Auditing and Versioning Data in SQLite

I am working on a small SQLite project as a learning excercise, so that I know its capabilities and its limitations, when it comes to putting it in production.

There's a requirement, that almost every project has and that's versioning and auditing of data changes. How could we do this with SQLite? Is it possible without application code?

All code can be found in a Git repository at:

Table of contents

What is SQLite?

SQLite is ...

[...] a C-language library that implements a small, fast, self-contained, high-reliability, full-featured, SQL database engine. SQLite is the most used database engine in the world.

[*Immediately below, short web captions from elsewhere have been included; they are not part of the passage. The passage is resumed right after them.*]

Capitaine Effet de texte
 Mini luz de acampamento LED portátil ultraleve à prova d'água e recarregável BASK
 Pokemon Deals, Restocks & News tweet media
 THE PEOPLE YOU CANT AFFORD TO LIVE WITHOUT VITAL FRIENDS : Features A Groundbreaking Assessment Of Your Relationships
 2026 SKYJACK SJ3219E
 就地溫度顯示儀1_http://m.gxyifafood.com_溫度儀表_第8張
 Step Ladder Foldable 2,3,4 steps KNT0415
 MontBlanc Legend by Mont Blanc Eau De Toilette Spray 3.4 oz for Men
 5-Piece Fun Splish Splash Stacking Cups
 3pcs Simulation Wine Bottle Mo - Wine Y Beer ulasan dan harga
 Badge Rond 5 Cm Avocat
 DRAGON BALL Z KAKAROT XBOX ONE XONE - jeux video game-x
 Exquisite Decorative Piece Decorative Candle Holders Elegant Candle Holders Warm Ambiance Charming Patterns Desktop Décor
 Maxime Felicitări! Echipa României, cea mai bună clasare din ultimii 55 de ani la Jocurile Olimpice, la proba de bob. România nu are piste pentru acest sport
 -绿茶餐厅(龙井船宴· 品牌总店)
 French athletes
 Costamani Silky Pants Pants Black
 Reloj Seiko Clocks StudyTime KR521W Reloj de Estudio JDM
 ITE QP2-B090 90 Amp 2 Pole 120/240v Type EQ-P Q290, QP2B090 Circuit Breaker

SQLite is built into all mobile phones and most computers and comes bundled inside countless other applications that people use every day.

But you cannot compare SQLite to a client/server database, such as PostgreSQL or SQL Server. SQLite tries to provide local data storage for applications, rather than providing a shared repository for all your enterprise data. Keep that in mind!

The documentation says ...

SQLite does not compete with client/server databases. SQLite competes with fopen().

I think it of like this: SQLite is married to your application and not to your enterprise. It doesn't aim at replacing your PostgreSQL or SQL Server instances, and relies on your application as being a fully-fledged programmable database engine.

There's nothing like a Stored Procedures in SQLite, that you could write. There are no variables to allow for complex business logic inside SQLite. Although you could plugin your own C Extensions, you cannot write functions in SQL.

Why Auditing Data Changes?

"Oh No! Help!!!! I've accidentally deleted all my data! The work of weeks is gone! Everything is lost! How could we revert my changes?". That's a common theme, you'll find in every sufficiently complex user-facing application.

And this could happen in a client/server situation, just like it could happen for the local use of SQLite. I want to prevent this to happen right from the start, when dealing with new SQLite applications.

So let's take a look at it!

Problem: There's no notion of Transaction Time in SQLite

My initial thought was this: I'll just grab the time of the transaction, use some triggers to write a valid_from and valid_to column and call it a day! Oh, that was naive.

See, if you take a look at how SQL Server implements their Temporal Tables, you'll see, that the validity of a row is depending on the Transaction Time (SysStartTime). So if you execute data changes to multiple rows, you are guaranteed, that all those changes have the same stable time of the transaction:

Sadly SQLite doesn't have a notion of Transaction Time, that stays stable for the entire transaction. Functions like CURRENT_TIMESTAMP or strftime('%Y-%m-%d %H:%M:%f', 'now') are stable only within a Statement.

That means something like this:

INSERT INTO myTable(date1 text, date2 text)
VALUES (CURRENT_TIMESTAMP, CURRENT_TIMESTAMP)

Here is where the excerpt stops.